Work required:
Return, word for word, the lines of the listing below from the one with "Holiday Mobile Village" through the one with "Thumbnail: 2025 Volkswagen Tiguan - 3", and no other lines.

Supplied entries:
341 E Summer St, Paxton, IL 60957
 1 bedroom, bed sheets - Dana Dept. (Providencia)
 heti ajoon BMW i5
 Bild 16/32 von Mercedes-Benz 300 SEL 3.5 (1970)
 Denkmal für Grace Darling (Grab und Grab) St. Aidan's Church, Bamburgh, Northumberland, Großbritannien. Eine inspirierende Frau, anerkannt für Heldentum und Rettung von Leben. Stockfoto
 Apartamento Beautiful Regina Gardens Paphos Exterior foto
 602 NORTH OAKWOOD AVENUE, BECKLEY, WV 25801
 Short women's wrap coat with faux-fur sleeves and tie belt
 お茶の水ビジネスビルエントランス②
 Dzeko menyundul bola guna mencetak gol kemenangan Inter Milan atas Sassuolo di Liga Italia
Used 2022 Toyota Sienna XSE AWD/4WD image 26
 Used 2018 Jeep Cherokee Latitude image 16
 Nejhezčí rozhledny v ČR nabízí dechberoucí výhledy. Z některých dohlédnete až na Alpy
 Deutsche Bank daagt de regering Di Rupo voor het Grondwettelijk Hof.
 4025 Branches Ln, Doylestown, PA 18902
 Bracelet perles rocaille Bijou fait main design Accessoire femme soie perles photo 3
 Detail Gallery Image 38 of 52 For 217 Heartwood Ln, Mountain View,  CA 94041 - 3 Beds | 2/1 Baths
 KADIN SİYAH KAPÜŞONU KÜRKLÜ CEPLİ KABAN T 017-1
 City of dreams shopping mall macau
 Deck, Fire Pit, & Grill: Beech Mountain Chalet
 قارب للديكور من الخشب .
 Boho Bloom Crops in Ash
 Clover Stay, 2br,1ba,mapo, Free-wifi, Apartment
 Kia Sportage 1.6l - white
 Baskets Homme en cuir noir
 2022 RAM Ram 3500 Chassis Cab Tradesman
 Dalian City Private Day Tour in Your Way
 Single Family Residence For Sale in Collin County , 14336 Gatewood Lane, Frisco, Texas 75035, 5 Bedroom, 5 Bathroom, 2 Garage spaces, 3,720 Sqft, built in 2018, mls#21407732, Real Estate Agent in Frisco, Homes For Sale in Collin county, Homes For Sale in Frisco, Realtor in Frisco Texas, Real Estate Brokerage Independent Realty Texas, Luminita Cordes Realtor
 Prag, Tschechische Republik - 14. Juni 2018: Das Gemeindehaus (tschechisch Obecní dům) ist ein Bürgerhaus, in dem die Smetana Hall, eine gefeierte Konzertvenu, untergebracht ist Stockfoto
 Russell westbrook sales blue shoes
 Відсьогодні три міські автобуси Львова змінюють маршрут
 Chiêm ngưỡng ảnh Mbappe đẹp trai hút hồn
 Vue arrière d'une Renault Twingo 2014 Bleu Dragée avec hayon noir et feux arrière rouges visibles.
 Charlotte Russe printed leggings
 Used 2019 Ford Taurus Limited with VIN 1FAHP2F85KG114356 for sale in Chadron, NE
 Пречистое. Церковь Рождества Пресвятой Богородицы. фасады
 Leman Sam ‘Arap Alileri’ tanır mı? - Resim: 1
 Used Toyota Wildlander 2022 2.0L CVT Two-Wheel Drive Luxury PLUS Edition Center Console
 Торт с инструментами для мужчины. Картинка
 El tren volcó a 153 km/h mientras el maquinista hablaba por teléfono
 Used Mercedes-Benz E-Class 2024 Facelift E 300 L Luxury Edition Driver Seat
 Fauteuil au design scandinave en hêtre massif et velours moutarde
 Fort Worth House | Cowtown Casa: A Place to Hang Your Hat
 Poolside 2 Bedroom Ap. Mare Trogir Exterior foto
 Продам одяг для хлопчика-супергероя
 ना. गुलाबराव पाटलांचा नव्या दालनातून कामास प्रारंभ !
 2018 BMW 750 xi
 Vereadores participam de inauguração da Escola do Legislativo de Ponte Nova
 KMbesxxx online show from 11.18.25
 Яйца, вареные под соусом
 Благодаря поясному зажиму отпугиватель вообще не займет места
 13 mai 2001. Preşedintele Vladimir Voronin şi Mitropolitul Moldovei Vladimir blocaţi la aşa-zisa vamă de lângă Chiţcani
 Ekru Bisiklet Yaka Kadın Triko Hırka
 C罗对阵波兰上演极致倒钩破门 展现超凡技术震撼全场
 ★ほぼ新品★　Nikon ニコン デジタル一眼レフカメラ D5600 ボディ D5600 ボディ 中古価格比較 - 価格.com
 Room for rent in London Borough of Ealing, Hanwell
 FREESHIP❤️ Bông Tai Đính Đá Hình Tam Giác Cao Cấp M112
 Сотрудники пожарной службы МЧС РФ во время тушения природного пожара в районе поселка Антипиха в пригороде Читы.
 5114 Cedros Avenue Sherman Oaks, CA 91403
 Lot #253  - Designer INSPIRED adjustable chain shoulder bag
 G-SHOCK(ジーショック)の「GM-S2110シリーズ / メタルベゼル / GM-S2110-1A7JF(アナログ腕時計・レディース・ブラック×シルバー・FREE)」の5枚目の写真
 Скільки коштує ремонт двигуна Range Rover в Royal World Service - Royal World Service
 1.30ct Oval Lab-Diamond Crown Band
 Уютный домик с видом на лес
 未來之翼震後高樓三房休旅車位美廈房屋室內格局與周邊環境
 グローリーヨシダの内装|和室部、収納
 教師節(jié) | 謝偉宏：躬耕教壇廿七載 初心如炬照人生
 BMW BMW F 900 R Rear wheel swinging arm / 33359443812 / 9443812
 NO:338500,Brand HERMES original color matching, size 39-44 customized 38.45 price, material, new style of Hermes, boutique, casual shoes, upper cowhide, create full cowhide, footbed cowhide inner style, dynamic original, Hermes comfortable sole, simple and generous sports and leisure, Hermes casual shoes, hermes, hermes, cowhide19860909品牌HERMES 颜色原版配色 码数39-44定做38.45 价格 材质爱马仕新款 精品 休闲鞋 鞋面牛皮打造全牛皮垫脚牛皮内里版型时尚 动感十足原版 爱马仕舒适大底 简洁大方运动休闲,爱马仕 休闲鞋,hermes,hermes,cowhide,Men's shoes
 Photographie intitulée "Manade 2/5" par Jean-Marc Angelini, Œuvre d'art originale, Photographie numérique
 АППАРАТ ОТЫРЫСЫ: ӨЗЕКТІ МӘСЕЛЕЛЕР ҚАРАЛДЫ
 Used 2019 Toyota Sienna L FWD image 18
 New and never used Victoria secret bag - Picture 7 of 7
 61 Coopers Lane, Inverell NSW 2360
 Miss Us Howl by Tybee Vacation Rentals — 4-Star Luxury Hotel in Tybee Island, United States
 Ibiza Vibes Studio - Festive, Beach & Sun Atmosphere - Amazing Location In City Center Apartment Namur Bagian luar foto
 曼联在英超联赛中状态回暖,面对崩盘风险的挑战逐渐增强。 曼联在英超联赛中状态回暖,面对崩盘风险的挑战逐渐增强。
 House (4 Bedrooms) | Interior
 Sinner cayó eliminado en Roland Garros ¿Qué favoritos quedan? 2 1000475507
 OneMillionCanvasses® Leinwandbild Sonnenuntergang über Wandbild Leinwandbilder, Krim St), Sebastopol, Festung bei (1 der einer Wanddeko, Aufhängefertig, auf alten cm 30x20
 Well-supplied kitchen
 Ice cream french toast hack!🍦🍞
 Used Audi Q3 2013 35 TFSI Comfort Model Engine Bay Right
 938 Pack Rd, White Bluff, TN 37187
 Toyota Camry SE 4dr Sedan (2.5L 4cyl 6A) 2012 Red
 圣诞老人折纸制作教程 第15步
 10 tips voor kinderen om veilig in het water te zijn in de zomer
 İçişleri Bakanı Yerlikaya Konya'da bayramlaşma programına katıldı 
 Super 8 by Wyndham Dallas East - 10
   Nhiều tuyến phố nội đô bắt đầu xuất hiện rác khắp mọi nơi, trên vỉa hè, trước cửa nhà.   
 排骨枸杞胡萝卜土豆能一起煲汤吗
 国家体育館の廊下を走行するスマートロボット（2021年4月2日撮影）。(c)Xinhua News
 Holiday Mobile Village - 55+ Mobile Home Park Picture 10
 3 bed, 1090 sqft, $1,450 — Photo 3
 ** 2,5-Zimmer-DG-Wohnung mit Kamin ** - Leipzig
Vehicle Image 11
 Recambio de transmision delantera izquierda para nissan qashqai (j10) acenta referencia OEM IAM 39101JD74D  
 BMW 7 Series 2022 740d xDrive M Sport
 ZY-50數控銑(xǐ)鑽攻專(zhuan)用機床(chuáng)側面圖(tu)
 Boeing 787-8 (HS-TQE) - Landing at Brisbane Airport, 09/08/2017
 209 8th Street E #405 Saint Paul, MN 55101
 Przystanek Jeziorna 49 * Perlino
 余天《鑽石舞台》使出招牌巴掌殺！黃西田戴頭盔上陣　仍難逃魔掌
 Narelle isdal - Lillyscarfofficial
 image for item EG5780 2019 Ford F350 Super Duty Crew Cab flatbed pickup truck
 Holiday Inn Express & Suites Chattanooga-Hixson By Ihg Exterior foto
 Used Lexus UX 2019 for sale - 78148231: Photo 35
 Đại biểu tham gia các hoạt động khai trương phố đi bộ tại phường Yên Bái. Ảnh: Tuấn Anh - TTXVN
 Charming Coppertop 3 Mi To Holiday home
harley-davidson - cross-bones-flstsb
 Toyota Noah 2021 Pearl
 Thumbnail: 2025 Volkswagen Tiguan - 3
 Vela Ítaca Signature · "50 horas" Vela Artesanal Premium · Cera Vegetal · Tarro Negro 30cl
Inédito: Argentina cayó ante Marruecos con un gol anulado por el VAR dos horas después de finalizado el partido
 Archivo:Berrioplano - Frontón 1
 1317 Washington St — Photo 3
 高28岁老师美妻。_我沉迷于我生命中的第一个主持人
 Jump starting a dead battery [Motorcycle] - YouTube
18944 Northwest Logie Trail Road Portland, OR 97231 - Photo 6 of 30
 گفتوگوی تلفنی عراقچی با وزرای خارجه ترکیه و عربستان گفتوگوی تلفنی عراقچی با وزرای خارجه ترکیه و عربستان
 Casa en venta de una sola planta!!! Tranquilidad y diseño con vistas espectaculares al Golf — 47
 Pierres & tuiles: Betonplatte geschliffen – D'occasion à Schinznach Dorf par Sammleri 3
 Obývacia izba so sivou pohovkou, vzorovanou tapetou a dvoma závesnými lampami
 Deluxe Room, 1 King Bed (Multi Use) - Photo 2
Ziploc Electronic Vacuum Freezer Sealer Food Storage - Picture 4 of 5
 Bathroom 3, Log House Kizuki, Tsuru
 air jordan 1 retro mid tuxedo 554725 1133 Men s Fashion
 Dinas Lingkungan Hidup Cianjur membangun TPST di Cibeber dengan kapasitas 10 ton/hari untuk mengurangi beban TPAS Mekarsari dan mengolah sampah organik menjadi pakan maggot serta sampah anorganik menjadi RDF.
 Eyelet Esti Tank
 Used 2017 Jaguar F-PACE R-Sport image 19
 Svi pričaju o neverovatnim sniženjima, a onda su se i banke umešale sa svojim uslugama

Solution:
 Holiday Mobile Village - 55+ Mobile Home Park Picture 10
 3 bed, 1090 sqft, $1,450 — Photo 3
 ** 2,5-Zimmer-DG-Wohnung mit Kamin ** - Leipzig
Vehicle Image 11
 Recambio de transmision delantera izquierda para nissan qashqai (j10) acenta referencia OEM IAM 39101JD74D  
 BMW 7 Series 2022 740d xDrive M Sport
 ZY-50數控銑(xǐ)鑽攻專(zhuan)用機床(chuáng)側面圖(tu)
 Boeing 787-8 (HS-TQE) - Landing at Brisbane Airport, 09/08/2017
 209 8th Street E #405 Saint Paul, MN 55101
 Przystanek Jeziorna 49 * Perlino
 余天《鑽石舞台》使出招牌巴掌殺！黃西田戴頭盔上陣　仍難逃魔掌
 Narelle isdal - Lillyscarfofficial
 image for item EG5780 2019 Ford F350 Super Duty Crew Cab flatbed pickup truck
 Holiday Inn Express & Suites Chattanooga-Hixson By Ihg Exterior foto
 Used Lexus UX 2019 for sale - 78148231: Photo 35
 Đại biểu tham gia các hoạt động khai trương phố đi bộ tại phường Yên Bái. Ảnh: Tuấn Anh - TTXVN
 Charming Coppertop 3 Mi To Holiday home
harley-davidson - cross-bones-flstsb
 Toyota Noah 2021 Pearl
 Thumbnail: 2025 Volkswagen Tiguan - 3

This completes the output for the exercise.